Het LPGGz kan zich voorstellen dat er onderzoek plaatsvindt naar mogelijkheden om de sociale context
mee te wegen bij toegang tot de Wlz, maar alleen als dit inderdaad leidt tot een versterking van de positie
van cliënten en naastbetrokkenen. De naastbetrokkenen worden nu niet genoemd bij dit actiepunt van de
vernieuwingsagenda. Versterking van de positie houdt voor ons in: meer regie over de inhoud van zorg en
ondersteuning en over de context (thuis of instelling naar keuze) waar deze geleverd worden. Deze
2
voorwaarde is essentieel, want het betrekken van de sociale context bij toegang tot de Wlz zou ook kunnen
leiden tot verzwakking van de (rechts)positie van de cliënt en naastbetrokkenen.

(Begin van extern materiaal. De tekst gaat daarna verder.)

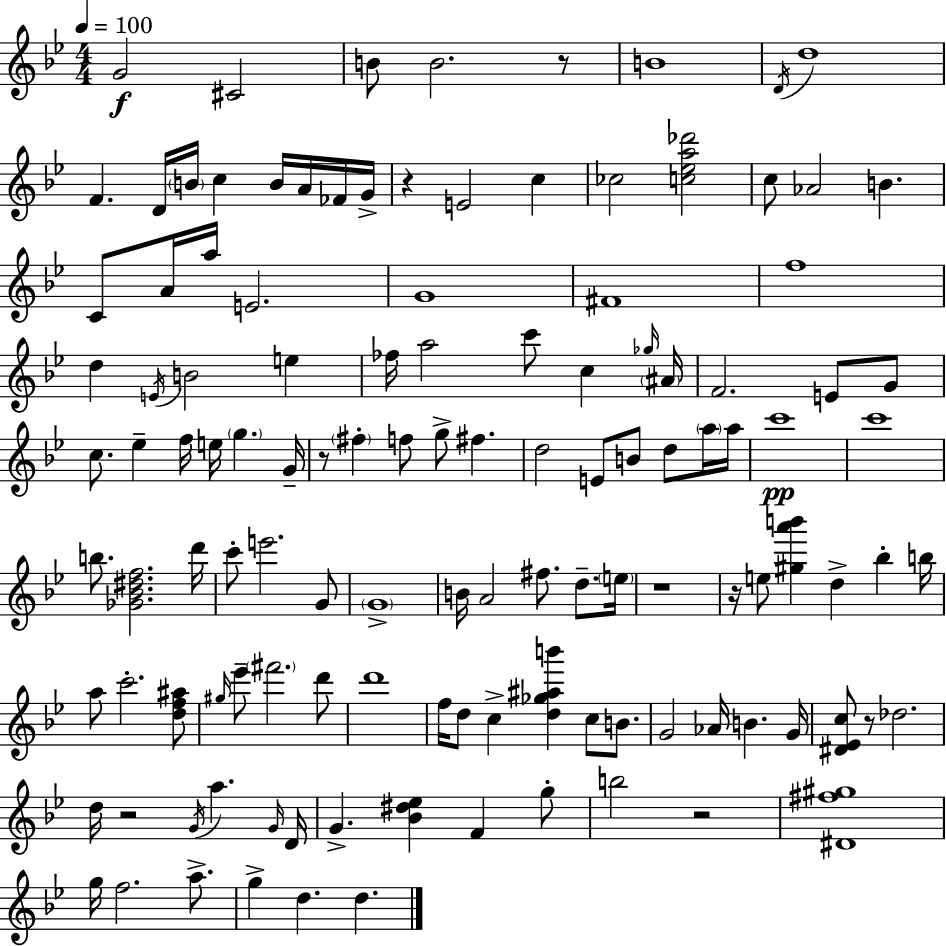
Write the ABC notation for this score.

Het LPGGz vindt versterking van de positie van de cliënt en naastbetrokkenen een absolute
voorwaarde voor het eventueel betrekken van de sociale context bij toegang tot de Wlz. Deze
voorwaarde zal in overleg met cliënt- en familieorganisaties ook nader geconcretiseerd moeten
worden.
Vernieuwingsagenda actiepunt 2: cliëntondersteuning
Een essentiële voorwaarde voor vraagsturing is de beschikbaarheid van onafhankelijke cliëntondersteuning.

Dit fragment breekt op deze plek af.